Bugün Kızıl Khmerler tarafından öldürülen -aralarında Müslümanların da bulunduğu- on binlerce insanın kemik ve kafatasları, başkent Phnom Penh’teki bir müzede sergilenmektedir. Kamboçya örneği, aynı Çeçenistan veya Doğu Türkistan örneklerinde olduğu gibi komünist vahşetin gerçek yüzünü tüm dünyaya göstermektedir.

 

SRİ LANKA

Hint Okyanusu içinde bir ada ülkesi olan Sri Lanka’da 2.600.000 Müslüman yaşıyor. Sri Lanka’da yönetime karşı savaşan Tamil gerillaları zaman zaman Müslüman köylere de baskınlar düzenleyerek sivil insanları öldürüyor. Yakın zamanda gerçekleştirilen katliamlardan biri 3 Mayıs 2001 tarihinde Mawanella köyünün yakılıp yıkılmasıydı. Yaşadıkları büyük zulmü, hazırladıkları bir internet sitesiyle dünyaya duyurmaya çalışan Sri Lanka Müslümanları ise sayfalarında şunları söylüyorlar:

“… Biz Müslümanlar olarak zanaat ve ticaretle uğraşan bir topluluğuz. Bizim Sri Lanka’nın gelişimine ve ilerlemesine olan katkımız daima pozitifti ve çok eski zamanlardan beri, içinde yaşadığımız diğer toplulukların tümüyle çok dostane ve samimi ilişkiler kurmuşuzdur. Tamil gerillaları, Kuzey ve Doğu bölgelerinde yaşayan birçok Müslümanın çok fazla sıkıntı ve işkence çekmesine neden olmuştur. Bundan sonra da Sri Lanka topluluğunun çok küçük bir bölümü, Müslümanların işlerine, camilere ve kişisel hayatlarına saldırmaya başlamıştır.

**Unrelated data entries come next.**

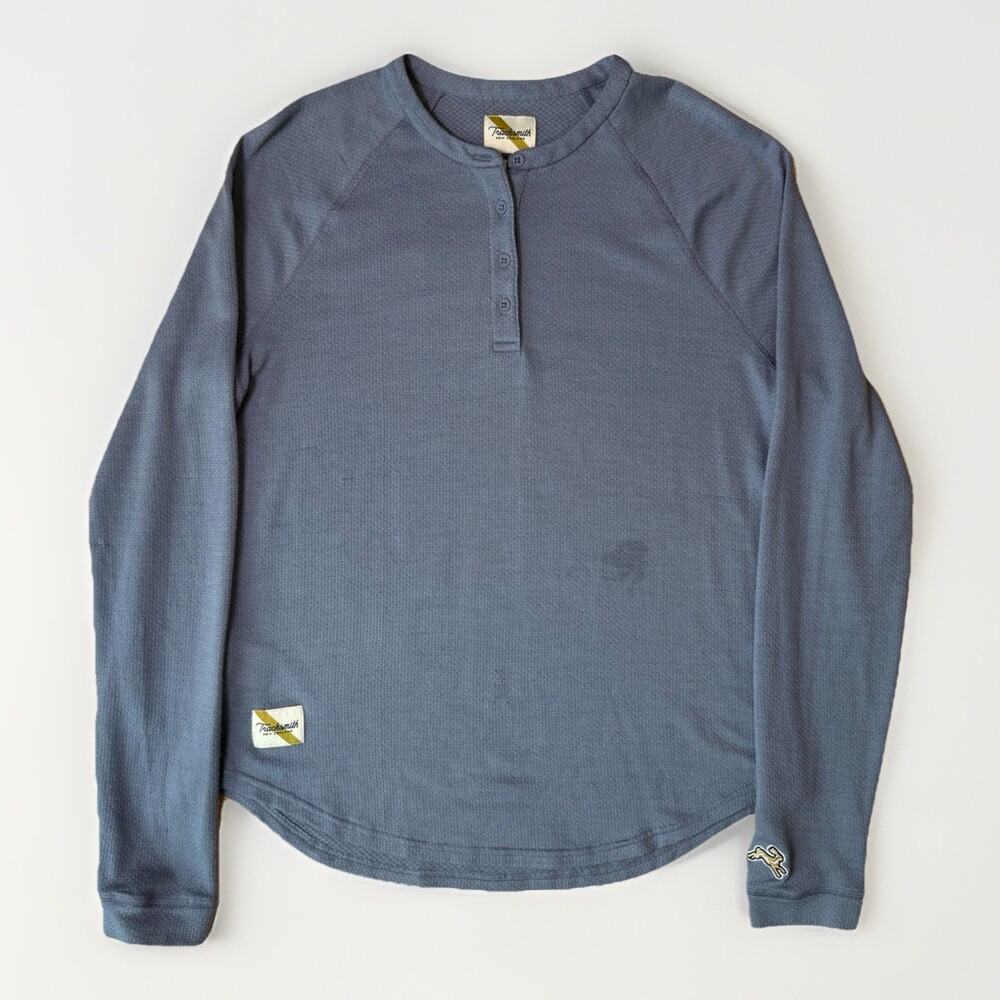 Tracksmith Merino Henley Shirt Women's M Blue Wool Long Sleeve Running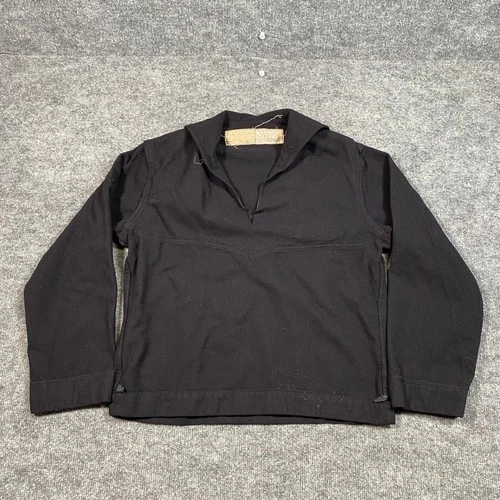 Vintage US Navy Naval Clothing Depot 100% Wool Sailor Jumper Black Mens Small - product listing photo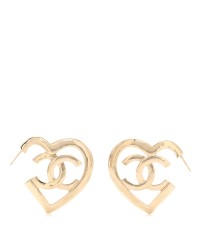 Metal CC Heart Coco In Love Hoop Earrings Gold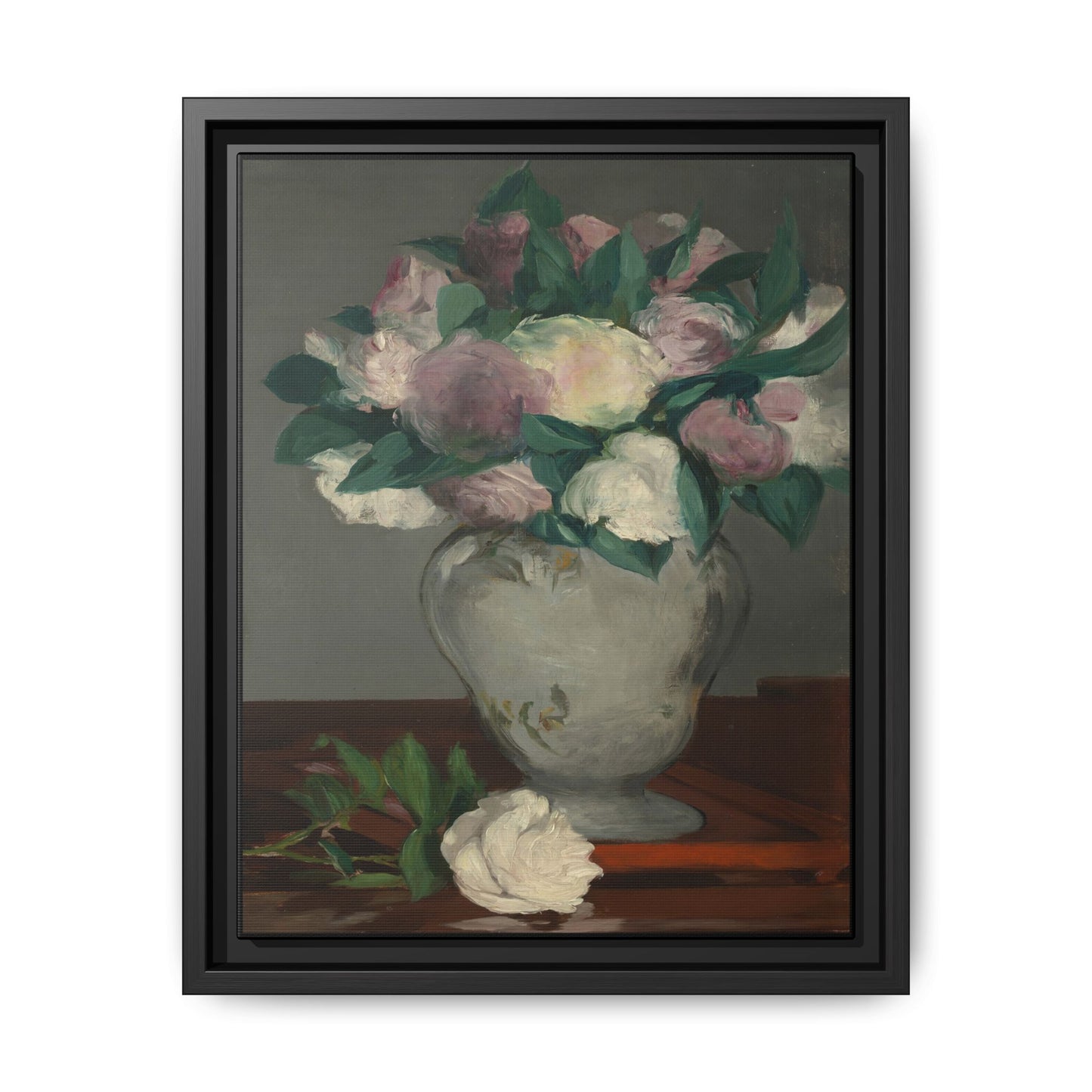 Manet, Édouard - Peonies (1864) - Matte Canvas, Framed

Biz dinimizin gereklerini yerine getirmemize izin veren ve tarih boyunca sosyal statümüzü koruyan diğer topluluklarla barışçı bir birlikteliği sağlamaya çalışan azınlık bir topluluğuz… Biz Tamiller gibi ayrılıkçılık ve terörizme eğilimli bir topluluk değiliz. Farklı topluluklar arasındaki nefret ve kini kızıştırmaya çalışmıyoruz… Bizim aradığımız şey tamamıyla barış ve güven içinde yaşayabileceğimiz, Allah’a ibadet etmeye devam edebileceğimiz, işlerimizi ve mesleklerimizi yürütebileceğimiz, çocuklarımızı onurlu bir şekilde yetiştirip eğitebileceğimiz güzel bir hayattır… Müslümanlar Sri Lanka’da hükümete hiçbir şekilde yük olmaksızın barış içinde yaşamaktaydılar. Fakat hâlâ dinimizden dolayı eziyet görmekteyiz.”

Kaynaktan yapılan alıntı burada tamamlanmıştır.